MONTAGNE: (Through translator) What the government wants to do is approve an educational model behind the country's back. What worries us is the politicization of Venezuelan education.

FORERO: Opponents say the new reform is more about ideology than educating children. An early proposed curriculum heaps praise on what President Hugo Chavez calls a socialist revolution designed to transform this oil rich country and extols heroes of leftist Latin American revolutionary movements. It also teaches that capitalism has been used to subjugate people. The main culprit is the United States, which Chavez says wants to dominate the world. At the Fermin Toro School in downtown Caracas teachers and students say the opposition is exaggerating the dangers for political gain. The school for 850 students is a so-called Bolivarian School, so named in honor of Chavez's guiding light, the independence hero Simon Bolivar. The public school is opened all day providing basics in the morning and classes like painting and theater production in the afternoon. Principal Juanas Sierras(ph)says the goal is also to create model citizens and one day replicate the model across Venezuela.
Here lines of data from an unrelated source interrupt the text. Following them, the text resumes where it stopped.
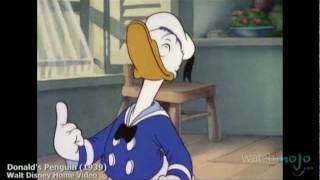 The History of Donald Duck [upl. by Lashondra]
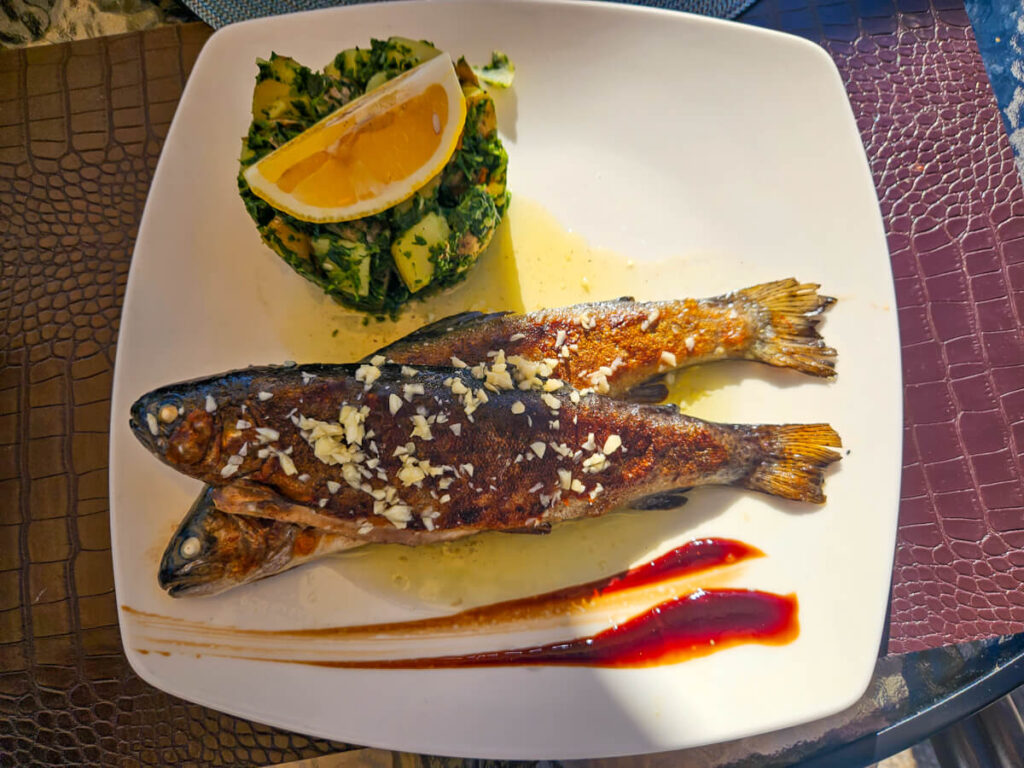 Grilled fish and a vegetarian Dalmatian stew side on a plate.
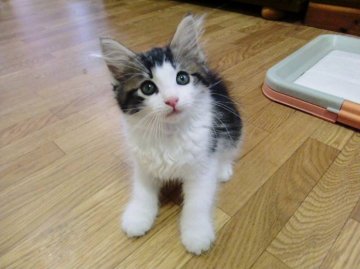 ノルウェージャンフォレストキャット【広島県・男の子・2013年5月17日・ブラウンタビー&ホワイト】の写真「」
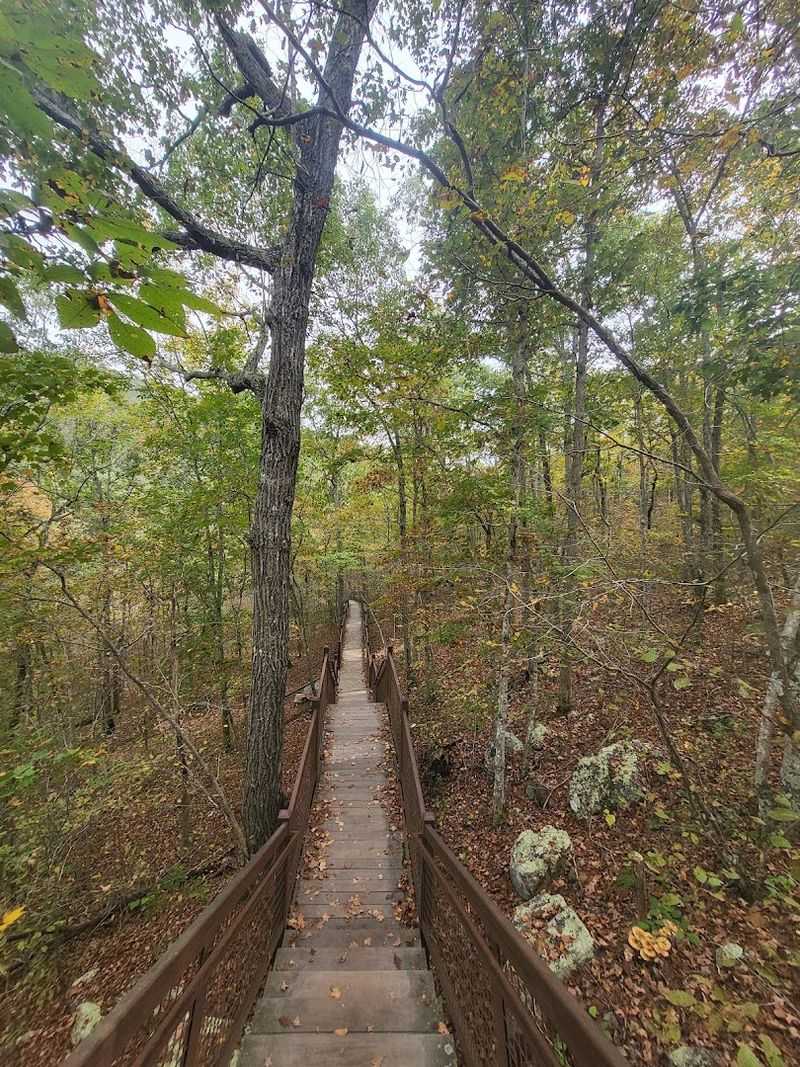 Hiking Trails That Reward Every Step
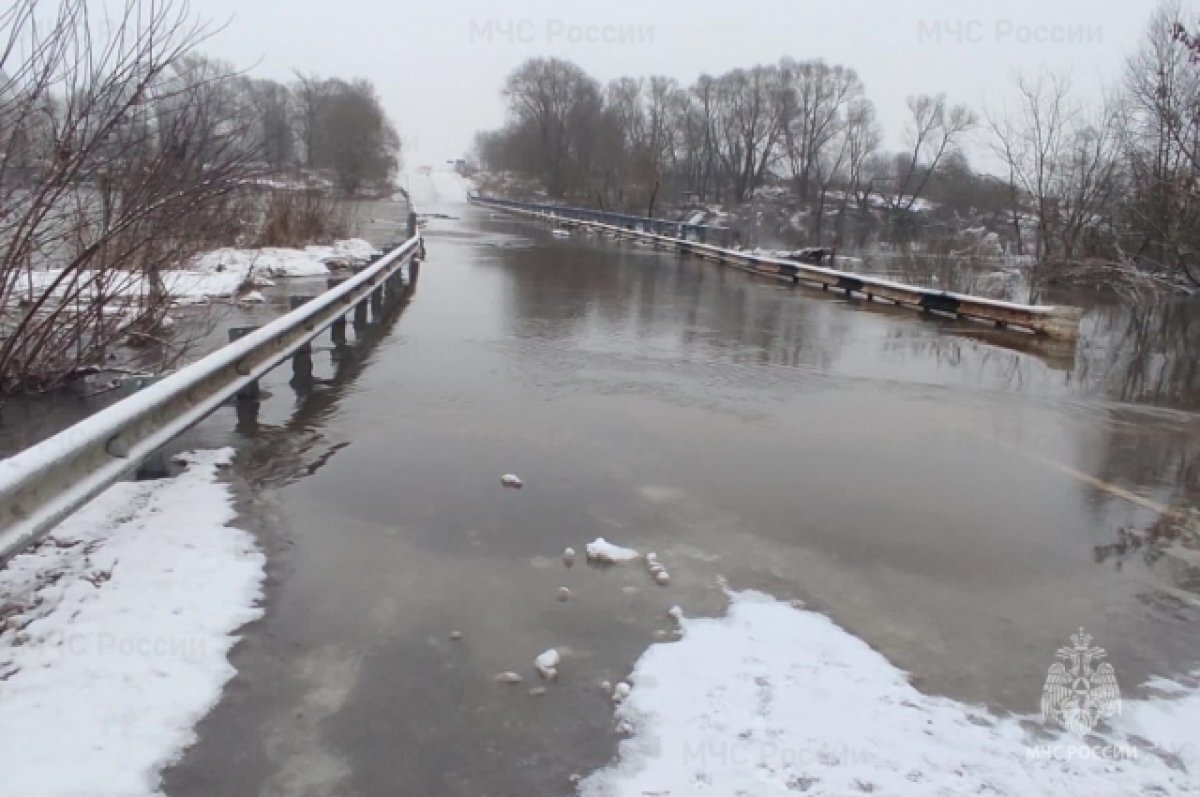    Тульский главк МЧС сообщил подробности подтопления мостов в регионе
MONTAGNE: (Through Translator) What's the kind of citizen we want? A Venezuelan highly humanistic with solidarity who knows history, who knows the Venezuelan Indian, who knows all the resources the fatherland has.

FORERO: In one class, children play chess...

(SOUNDBITE OF CHILDREN PLAYING AND TALKING IN SPANISH)

FORERO: ...while other practice the martial arts. The class offerings are eclectic. Media Salas(ph) teaches cooking, and she says her students flourish because of the close relationships they have with their teachers. They're on a first name basis after all.

MONTAGNE: (Through Translator) If we don't integrate, then it doesn't work. If we're on par with them everything works well. If it's I'm a teacher, I rule, that doesn't work.

FORERO: Across town in a wealthy district is the Santiago de Leon School. Under Chavez's plan, private schools would also have to follow a new curriculum. That has parents like Adriana de Amaya(ph) worried. She has a nine-year-old boy in the school and she's upset because she says the government is orchestrating forms without the input of parents like her.

MONTAGNE: (Through Translator) As parents, we want to chose education for our children, not that it be imposed by the president.